- Alternative names: Sangli Bedana
- Description: Sangli raisins is a dried grapes variety produced in Maharashtra
- Type: Dried grapes
- Area: Sangli district
- Country: India
- Registered: 18 May 2016
- Official website: ipindia.gov.in

= Sangli raisins =

Type of raisins variety from Maharashtra, India

Sangli raisins is a variety of raisin produced in the Indian state of Maharashtra in the Sangli district. Sangli District is located in the western part of Maharashtra, situated in the Managanga River-bed. The district is surrounded by the Warana and Krishna rivers. The Krishna s through the district for 105 km. The region's monsoon rains, fertile soil, and cool climate make it suitable for growing grapes. The major raisin-producing areas are Tasgaon, Miraj, Palus, and Kadegaon.
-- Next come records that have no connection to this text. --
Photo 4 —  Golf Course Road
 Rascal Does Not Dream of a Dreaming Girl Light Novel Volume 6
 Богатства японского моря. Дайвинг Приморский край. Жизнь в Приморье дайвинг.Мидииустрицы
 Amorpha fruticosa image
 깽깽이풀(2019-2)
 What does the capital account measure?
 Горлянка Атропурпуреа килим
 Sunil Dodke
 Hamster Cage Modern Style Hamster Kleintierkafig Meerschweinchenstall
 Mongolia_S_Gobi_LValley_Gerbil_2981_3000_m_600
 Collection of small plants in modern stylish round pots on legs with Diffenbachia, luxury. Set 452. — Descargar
Sangli district holds the top position as the largest raisin-producing district in India with 70% of total production.

Under its Geographical Indication tag, it is referred to as "Sangli raisins".

==Name==
Sangli raisins are a prized agricultural produce in Sangli and so named after it. Locally it is known as "Sangli Bedana/Kishmish" in the state language of Marathi. There are two main types of raisins: Bedana/Kishmish, which is produced by drying seedless grapes, and Manuka/Munnakka, which is made by drying grapes that have seeds.

==Description==
Sangli raisins have a distinct characteristic: each raisin remains separate. The region's geological and weather conditions, with low humidity and high temperatures, make it ideal for drying grapes naturally. Sangli raisins are famous for their uniform appearance, with a golden-green or golden-yellow color and smooth texture. They are also uniform in size and round in shape. The taste is pleasingly sweet without any sugar coating. The texture is intact with fewer wrinkles and higher pulp content. The skin is soft and thin with the golden green coloured uniform sized Sangli raisin melts in the mouth.

India's first export potential project center for raisins was established in Miraj in 2013. Tasgaon has a large market for raisins, with auctions held regularly. The export center is located in Khanapur. Raisin production began in Tasgaon around 40-45 years ago. Initially, dehydration chambers were used to dry grapes. Later, the method was refined, and solar energy was used for drying. The Sangli region produces high-quality raisins, with an annual production of around 1.25 lakh tonnes. About 30-40% of the production is exported. Tasgaon has over 100 raisin trading centers and 60-65 cold storages. The district has around 60,000 acres of grape plantations, specifically for raisin production. The types of raisins produced in Sangli include green, yellow, and black.

The weather conditions in Sangli, with high temperatures and low humidity, are favorable for raisin production. The grape varieties used for raisin production are specifically selected for their quality and characteristics. The main varieties include Thomson seedless, Manikchaman, Sonaka, and Tas-A-Ganesh. Drying grapes is a critical process that involves reducing the water content and increasing the sugar content. Australian dipping treatment is used to remove the waxy layer from the grapes, making the drying process faster.

The Sangli raisin variety is known for its uniform size and round shape. The region's unique climate and soil conditions contribute to the high quality of the raisins. The farmers in Sangli have developed a method of drying grapes under sheds, protecting them from direct sunlight. This method helps preserve the natural color and texture of the raisins.

==Geographical indication==
It was awarded the Geographical Indication (GI) status tag from the Geographical Indications Registry, under the Union Government of India, on 18 May 2016 and is valid until 21 July 2034.

Maharashtra Rajya Draksh Bagaitdar Sangh from Sangli, proposed the GI registration of Sangli raisins. After filing the application in July 2014, the raisins was granted the GI tag in 2016 by the Geographical Indication Registry in Chennai, making the name "Sangli raisins" exclusive to the raisins produced in the region. It thus became the first raisins variety from India and the 18th type of goods from Maharashtra to earn the GI tag.

The GI tag protects the raisins from illegal selling and marketing, and gives it legal protection and a unique identity.